Ini sebanding dengan teori James Lovelock. Ilmuan
Inggris yang lahir pada 1919 ini percaya bahwa bumi itu hidup, mengalami
pengaturan terus-menerus meski terdapat gangguan dari luar. Lovelock menamakan
teorinya dengan Gaia Hypothesis, yang terinspirasi dari nama salah satu
dewi Yunani, yaitu Dewi Bumi/Gaia. Dari rahim Gaia ini lahir alam semesta,
muncullah Uranus sang langit berbintang, disusul Oceanus, Coeus dan Crius, Crius, Titan Hyperion dan Lapetus, Phoebe si
mahakota emas. Gaia mirip dengan Dewi Sri pada mitologi Hindu. Dewi Sri dipercaya mampu mengontrol bahan makanan di muka bumi.
Meski perempuan dan alam terlihat terlihat
sangat berkaitan, perempuan belum punya kebebasan memelihara alam. Perempuan
terperangkap dalam budaya patriarki, budaya yang mengutamakan laki-laki yang
dianggap lebih rasional dan lebih kuat secara fisik. Sehingga laki-laki-lah
yang berperan mengambil kebijakan mengelola alam, yang terkesan egoistik. Tapi
lantaran keserakahannya itu pada akhirya mengakibatkan kerusakan lingkungan.

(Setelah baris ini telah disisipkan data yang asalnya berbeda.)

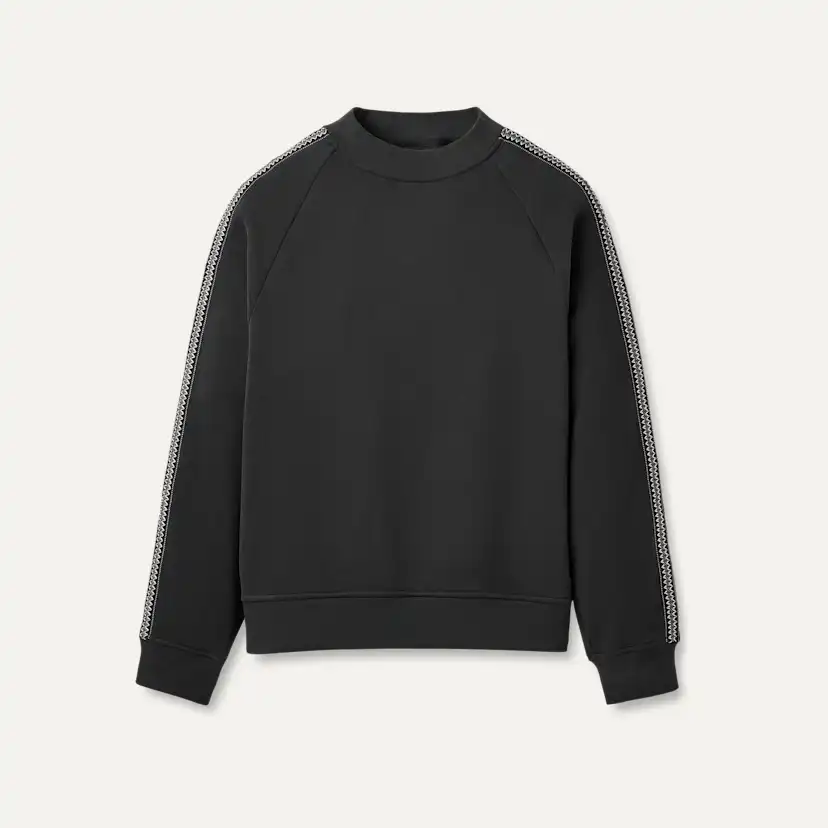 Tasman Crewneck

Watak serakah ini dapat ditarik akarnya dari filsafat modern Descartes dan kosmologi
Isaac Newton. Descartes membedakan alam manusia dalam res cogitan
dan res extensa. Pikiran terpisah dari tubuh, sehingga pikiran dengan
mudahnya mengeksploitasi tubuh. Juga pandangan analisisnya,
yang selalu
melihat masalah secara sepotong-sepotong. Alam pun hanya
dilihat dari perspektif ekonomi, tanpa mempertimbangkan lingkungan. Kosmologi Isac
Newton memandang alam ini sebagai jam raksasa. Sebuah benda yang dapat diketahui masa depan dan masa lalunya secara pasti. Alam adalah sesuatu
yang mutak dan bebas kita bentuk seenaknya.

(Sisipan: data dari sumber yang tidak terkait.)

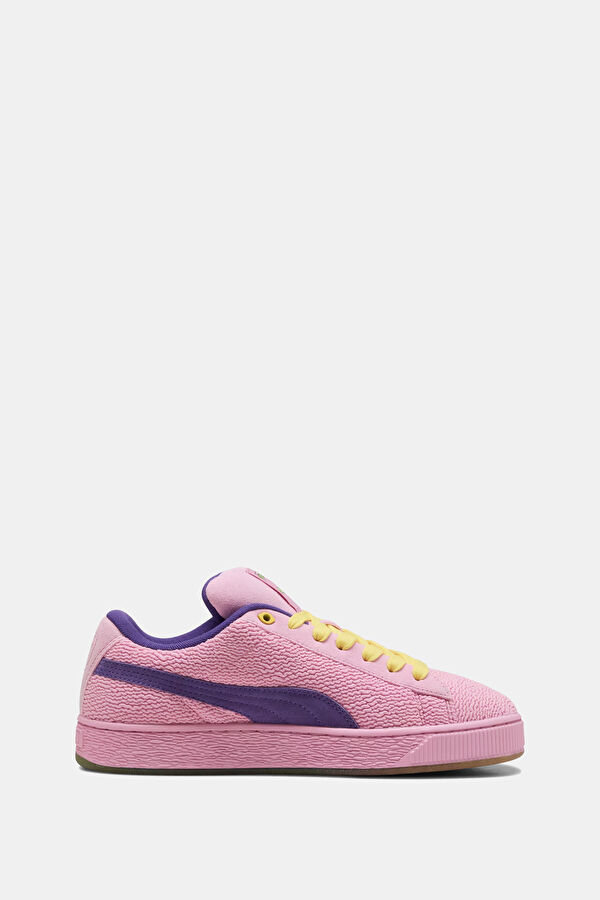 Suede XL 2 TMNT Lilac Women's Sneakers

Namun kerusakan lingkungan yang diakibatkan oleh
keserakahan manusia itu tanpa disadari justru berefek pada keselamatan
perempuan. Misalnya korban dalam penggunaan zat-zat berbahaya yang diproduksi ilmu
pengetahuan dan industri untuk rumah tangga, tak lain adalah perempuan.
Perempuan belum tentu bebas dari bahan pestisida dan bahan beracun lainnya.

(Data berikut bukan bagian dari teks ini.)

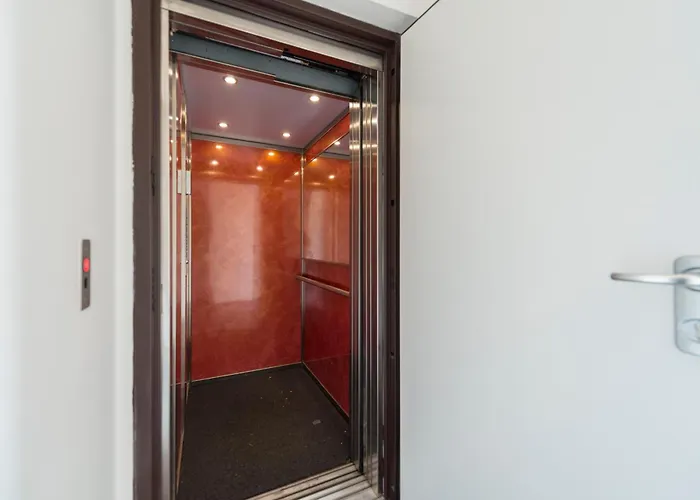 Apartmán Lussuoso Attico Milán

Apalagi jika dikaitkan dengan globalisasi, pada
dunia yang sudah dianggap datar ini masih ada saja perempuan yang sengaja dijadikan buruh murah. Mereka dibuat bergantung kepada pemilik
modal yang mengontrol pertanian di kampung mereka, seperti penentuan tanaman,
pemilihan bibit, pengelolaan air (irigasi), pemupukan, pestisida buatan sampai
penentuan harga pada produk mereka. Patut dipikirkan bahwa perubahan cuaca yang
menyebabkan musim kemarau semakin panjang adalah buntut dari keserakahan
manusia.
Sehingga, memperingati hari Perempuan Sedunia
ini patutlah diutarakan bahwa perempuan adalah
aset utama untuk mengembalikan kasadaran lingkungan. Itu bisa dimulai dengan mewujudkan pola konsumsi hijau dalam rumah tangga, pemilahan sampah
menjadi sampah organik dan non organik, pengurangan timbunan sampah dengan
menjadikannya sebagai kompos. Perempuan pun sangat berperan penting menanamkan
kesadaran lingkungan kepada anak sejak usia dini, sebab ibu merupakan media
edukasi pertama bagi anak-anak.
Simone de Beuvoir pun pernah berkata, “Perempuan
sama dengan laki-laki, ia juga rasional dan kritis”.